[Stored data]
★ ★ ★ ★ ★ ★ ★
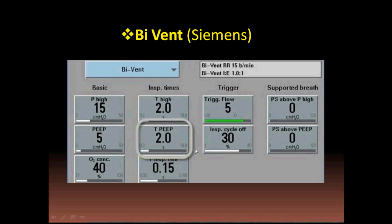On the by-vent Siemens machine, you set the high level at 15 and low level at 5. The time for the high level is set at 2 seconds and the time for the lower level at 2 seconds, giving a total duty cycle of 4 seconds — meaning a respiratory rate of 60 divided by 4 equals 15. You also set the FiO2 and rising time for both the high CPAP transition and the pressure support, which is set above the low CPAP. If no pressure support is entered, this runs as plain BiPAP without pressure support.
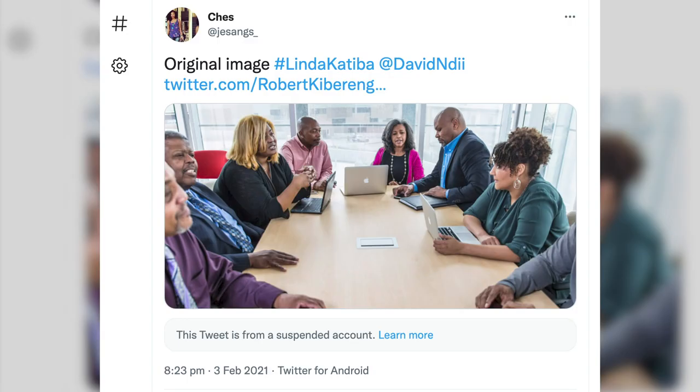In the year 2021, a group of activists who had got together to halt proposed changes to the constitution of Kenya were targets of a manipulated image. Here's how it happened.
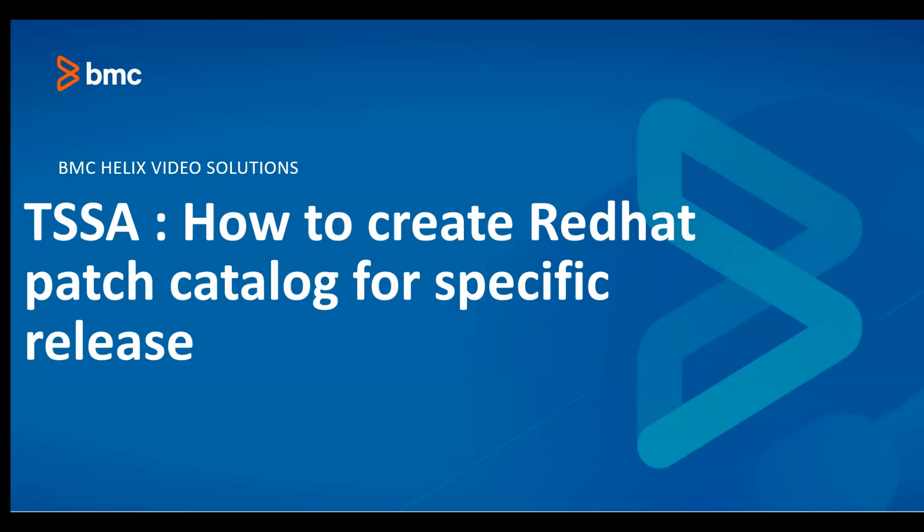Hello, today we are going to see how to create Red Hat patch catalog for a specific release. Suppose you have a Red Hat 7.1 server and you want to patch it.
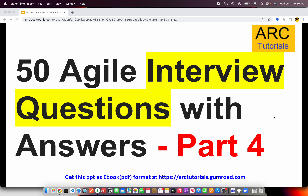Welcome back to ARK Tutorials. This is Top 50 Agile Interview Questions with Answers Part 4. If you haven't checked out the first three parts, I'll request you to kindly check them so that you have continuity in your learning and master all the interview questions on Agile. You can get this PPT ebook free at arktutorials.gumroad.com. Make sure you get your copy.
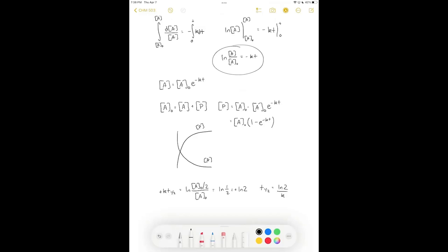Since there is only one reactant in a first-order reaction, the half-life is independent of the concentration of reactants. First-order reactions depend on the spontaneous reaction of one molecule, not on collisions, so concentration does not need to be taken into account.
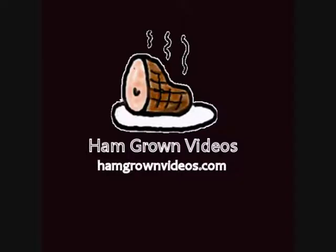I hope you found this demonstration helpful. For more details, check out this post on the new instructional page at hamgrownvideos.com.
★ ★ ★ ★ ★ ★ ★
Exercise: Repeat the data above in full and exactly. Omit every image.

Answer for the task:
On the by-vent Siemens machine, you set the high level at 15 and low level at 5. The time for the high level is set at 2 seconds and the time for the lower level at 2 seconds, giving a total duty cycle of 4 seconds — meaning a respiratory rate of 60 divided by 4 equals 15. You also set the FiO2 and rising time for both the high CPAP transition and the pressure support, which is set above the low CPAP. If no pressure support is entered, this runs as plain BiPAP without pressure support.
In the year 2021, a group of activists who had got together to halt proposed changes to the constitution of Kenya were targets of a manipulated image. Here's how it happened.
Hello, today we are going to see how to create Red Hat patch catalog for a specific release. Suppose you have a Red Hat 7.1 server and you want to patch it.
Welcome back to ARK Tutorials. This is Top 50 Agile Interview Questions with Answers Part 4. If you haven't checked out the first three parts, I'll request you to kindly check them so that you have continuity in your learning and master all the interview questions on Agile. You can get this PPT ebook free at arktutorials.gumroad.com. Make sure you get your copy.
Since there is only one reactant in a first-order reaction, the half-life is independent of the concentration of reactants. First-order reactions depend on the spontaneous reaction of one molecule, not on collisions, so concentration does not need to be taken into account.
I hope you found this demonstration helpful. For more details, check out this post on the new instructional page at hamgrownvideos.com.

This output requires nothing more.